Mail Archives: cygwin/2005/12/07/17:47:24
>> On Dec 7 11:55, Loh, Joe wrote:
>> QUESTION:
>>
>> Is there a way in Cygwin to do a read of a block device using "C"
that
>> does not do a read-ahead? We needed to develop an application that
>> will issue the exact transfer size to the target device as requested.
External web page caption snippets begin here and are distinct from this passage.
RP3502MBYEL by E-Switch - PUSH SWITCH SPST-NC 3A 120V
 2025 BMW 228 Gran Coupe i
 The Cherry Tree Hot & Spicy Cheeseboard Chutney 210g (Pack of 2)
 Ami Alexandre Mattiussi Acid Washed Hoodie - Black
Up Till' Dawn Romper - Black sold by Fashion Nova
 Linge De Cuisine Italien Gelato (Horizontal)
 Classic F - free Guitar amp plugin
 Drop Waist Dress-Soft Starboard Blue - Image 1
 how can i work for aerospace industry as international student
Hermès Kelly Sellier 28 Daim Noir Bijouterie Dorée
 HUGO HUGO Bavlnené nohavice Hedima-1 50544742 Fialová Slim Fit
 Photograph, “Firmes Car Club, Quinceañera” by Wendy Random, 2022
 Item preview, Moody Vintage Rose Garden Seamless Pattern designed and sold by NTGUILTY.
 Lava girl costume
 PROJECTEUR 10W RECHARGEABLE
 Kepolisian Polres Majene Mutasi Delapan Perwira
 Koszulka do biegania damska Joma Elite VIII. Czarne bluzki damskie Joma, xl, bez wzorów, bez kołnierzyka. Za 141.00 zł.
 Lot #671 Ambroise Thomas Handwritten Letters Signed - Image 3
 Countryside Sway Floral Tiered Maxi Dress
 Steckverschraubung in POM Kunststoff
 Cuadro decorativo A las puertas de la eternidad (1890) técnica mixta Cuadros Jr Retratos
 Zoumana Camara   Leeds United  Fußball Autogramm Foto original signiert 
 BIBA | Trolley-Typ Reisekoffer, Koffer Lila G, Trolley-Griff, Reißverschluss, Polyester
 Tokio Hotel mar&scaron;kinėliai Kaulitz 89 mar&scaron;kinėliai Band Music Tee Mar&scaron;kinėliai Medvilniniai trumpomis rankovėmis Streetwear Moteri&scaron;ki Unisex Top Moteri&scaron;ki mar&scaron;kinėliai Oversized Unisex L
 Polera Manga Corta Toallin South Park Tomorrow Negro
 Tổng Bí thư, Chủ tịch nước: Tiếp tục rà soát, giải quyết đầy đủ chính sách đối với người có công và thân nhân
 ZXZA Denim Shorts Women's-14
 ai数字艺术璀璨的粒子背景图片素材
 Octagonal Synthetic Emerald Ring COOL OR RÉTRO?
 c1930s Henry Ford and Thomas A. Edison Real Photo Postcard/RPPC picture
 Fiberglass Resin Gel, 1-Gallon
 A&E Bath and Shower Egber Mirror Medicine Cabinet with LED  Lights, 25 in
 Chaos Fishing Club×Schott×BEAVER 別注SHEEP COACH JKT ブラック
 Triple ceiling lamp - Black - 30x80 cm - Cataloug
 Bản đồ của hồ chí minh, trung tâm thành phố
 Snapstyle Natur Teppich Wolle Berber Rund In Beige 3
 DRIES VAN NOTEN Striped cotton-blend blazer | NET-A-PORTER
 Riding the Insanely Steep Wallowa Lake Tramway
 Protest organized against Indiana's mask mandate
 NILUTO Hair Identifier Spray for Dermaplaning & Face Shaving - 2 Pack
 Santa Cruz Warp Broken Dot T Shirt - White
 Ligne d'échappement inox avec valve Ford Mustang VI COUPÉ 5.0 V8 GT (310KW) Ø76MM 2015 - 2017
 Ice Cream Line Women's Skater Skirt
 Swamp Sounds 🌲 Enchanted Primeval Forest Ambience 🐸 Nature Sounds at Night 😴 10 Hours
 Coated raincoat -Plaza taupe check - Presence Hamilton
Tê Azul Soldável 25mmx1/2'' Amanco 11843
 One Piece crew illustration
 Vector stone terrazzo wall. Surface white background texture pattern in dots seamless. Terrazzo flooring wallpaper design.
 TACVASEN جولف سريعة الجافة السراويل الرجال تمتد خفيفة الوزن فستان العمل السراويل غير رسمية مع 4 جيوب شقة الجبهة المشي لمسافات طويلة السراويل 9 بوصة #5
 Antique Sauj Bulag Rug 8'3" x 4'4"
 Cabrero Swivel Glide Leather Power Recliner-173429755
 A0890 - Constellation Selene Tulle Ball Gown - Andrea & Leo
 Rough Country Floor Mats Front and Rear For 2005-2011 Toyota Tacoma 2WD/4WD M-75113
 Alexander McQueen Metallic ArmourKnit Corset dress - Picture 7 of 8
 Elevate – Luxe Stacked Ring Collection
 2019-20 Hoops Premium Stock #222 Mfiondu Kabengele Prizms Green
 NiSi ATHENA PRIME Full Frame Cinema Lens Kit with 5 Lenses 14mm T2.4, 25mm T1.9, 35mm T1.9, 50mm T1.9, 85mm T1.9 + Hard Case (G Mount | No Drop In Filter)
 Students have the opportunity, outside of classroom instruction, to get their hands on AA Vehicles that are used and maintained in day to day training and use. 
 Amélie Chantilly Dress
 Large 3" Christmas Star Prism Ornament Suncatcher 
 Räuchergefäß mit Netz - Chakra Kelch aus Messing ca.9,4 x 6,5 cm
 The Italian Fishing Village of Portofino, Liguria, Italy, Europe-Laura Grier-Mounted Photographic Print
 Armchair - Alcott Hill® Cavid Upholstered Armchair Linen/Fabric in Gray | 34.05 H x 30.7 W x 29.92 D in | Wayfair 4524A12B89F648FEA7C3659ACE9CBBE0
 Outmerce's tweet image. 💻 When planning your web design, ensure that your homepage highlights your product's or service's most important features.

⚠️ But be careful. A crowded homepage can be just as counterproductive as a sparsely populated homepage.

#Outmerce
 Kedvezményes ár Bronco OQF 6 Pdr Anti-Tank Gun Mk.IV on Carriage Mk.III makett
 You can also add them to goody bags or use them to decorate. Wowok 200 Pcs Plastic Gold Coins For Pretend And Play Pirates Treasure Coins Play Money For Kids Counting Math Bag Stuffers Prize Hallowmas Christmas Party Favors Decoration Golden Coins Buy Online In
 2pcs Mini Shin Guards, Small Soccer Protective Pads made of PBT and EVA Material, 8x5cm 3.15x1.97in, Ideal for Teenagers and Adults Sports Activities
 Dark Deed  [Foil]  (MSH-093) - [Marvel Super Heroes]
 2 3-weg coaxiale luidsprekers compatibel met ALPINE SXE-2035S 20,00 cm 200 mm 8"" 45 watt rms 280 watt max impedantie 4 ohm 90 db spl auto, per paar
>> Looking at the strace, it appears that read() less than 61440-bytes
>> gets translated to reading 61440 bytes into buffer and then a subset
>> of that read is returned to the caller.
>
> There's a non-portable (only Cygwin) way to set the buffer size after
opening a device:
>
> #include <cygwin/rdevio.h>
>
> struct rdop rd;
>
> fd = open ("dev/sda", ...);
>
> rd.rd_op = RDSETBLK;
> rd.rd_parm = 0; /* Unbuffered reading */
> rd.rd_parm = 1; /* Unbuffered reading */
> rd.rd_parm = n; /* Buffered reading with buffer size n */
>
> ioctl (fd, RDIOCDOP, &rd);
>
> Note that the ioctl fails if the buffer already contains data, so
ioctl should be called before the first > read. Also note that in
unbuffered mode the usual Windows blocking rule applies, the length
given to read > must be a multiple of 512.
>
> Sigh, it seems that I introduced a bug into this ioctl also not long
ago.
> I fixed this in CVS. Recent code will probably not work very well
when setting it to unbuffered mode. Please wait for the next developers
snapshot.
>
>
> Corinna
Thank you ... This will work. Any plans on supporting O_DIRECT flag in
open()? We believe this effectively gives unbuffered I/O. Please
correct if we are making the wrong assumption.
Again. Thank you for the recommendation and we will wait for the next
Cygwin Kernel before porting our codes over.